1. Understand the problem and establish design scope

  • What kind of chat app shall we design? 1 on 1 or group based: It should support both 1 on 1 and group chat
  • Is this a mobile app or a web app: Both
  • What is the scale of this app: It should support 50 million daily active users (DAU)
  • For group chat, what is the group member limit: A maximum of 100 people
  • What features are important for the chat app: 1 on 1 chat, group chat, online indicator. The system only supports text messages.
  • Is there a message size limit: Yes, text length should be less than 100,000 characters long
  • Is end-to-end encryption required: Not required for now but we will discuss that if time allows
  • How long shall we store the chat history: Forever

Features of a chat app:

  • A one-on-one chat with low delivery latency
  • Small group chat (max of 100 people)
  • Online presence
  • Multiple device support
  • Push notifications

2. Propose high-level design and get buy-in

In a chat system, clients can be either mobile applications or web applications. Clients do not communicate directly with each other. Instead, client connects to a chat service, which supports all the features mentioned above. The chat service must support the following functions:

  • Receive messages from other client
  • Find the right recipients for each message and relay the message to the recipients
  • If a recipient is not online, hold the messages for that recipient on the server until she is online

Chat Service

When a client intends to start a chat, it connects the chats service using one or more network protocols:

  • on the sender side: HTTP is a fine option, and many chat applications such as Facebook used HTTP to send messages
  • on the receiver side: Since HTTP is client-initiated, it is not trivial to send messages from the server. Other techniques are used to simulate a server-initiated connection: polling, long polling, and WebSocket.

2.1 Polling

Polling

Client periodically asks the server if there are messages available. The cost of polling depends on polling frequency.

2.2 Long polling

Long Polling

In long polling, a client holds the connection open until

  • there are actually new messages available
  • timeout threshold has been reached

Once the client receives new messages or reaches timeout threshold, it immediately sends another request to the server. Long polling has a few drawbacks:

  • Sender and receiver may not connect to the same chat server. HTTP servers are usually stateless, the server that receives the message might not have a long-polling connection with the client who receives the message.
  • A server has no good way to tell if a client is disconnected
  • If a user does not chat much, long polling still makes periodic connections after timeouts

2.3 WebSocket

WebSocket

WebSocket connection is initiated by the client. It is bi-directional and persistent. Through this persistent connection, a server could send updates to a client. By using WebSocket for both sending and receiving.

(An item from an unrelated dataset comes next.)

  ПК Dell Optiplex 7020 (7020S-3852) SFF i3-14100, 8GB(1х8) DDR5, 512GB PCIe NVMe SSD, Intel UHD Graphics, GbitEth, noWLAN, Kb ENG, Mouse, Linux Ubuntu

2.4 Long Polling vs WebSocket

  • Long Polling:
    • Advantages: Long polling is implemented on XMLHttpRequest, so nearly all devices support long polling
    • Disadvantages: more resource intensive on the server than WebSocket; could have message ordering issue if a client has two browser tabs open consuming the same server resource
  • WebSockets:
    • Advantages: low latency since only one connection and Full-duplex asynchronous messaging; HTTP headers are not sent on each server request, reduce the size of data payloads.
    • Disadvantages: don’t automatically recover when connections are terminated; Browsers older than 2011 aren’t able to support

2.4 High-Level Design

Most features (sign up, login, user profile, etc) of a chat application could use the traditional request/response method over HTTP. The chat system is broken down into three categories: stateless services, stateful services, and third-party integration.
High Level Design

2.4.1 Stateless Services

Stateless services are traditional public-facing request/response services, used to manage the login, signup, user profile, etc. Stateless services sit behind a load balancer. These services can be monolithic or individual microservices.

2.4.2 Stateful Service

The only stateful service is the chat service. The service is stateful because each client maintains a persistent network connection to a chat server. A client doesn't switch to another chat server as long as the server is still available.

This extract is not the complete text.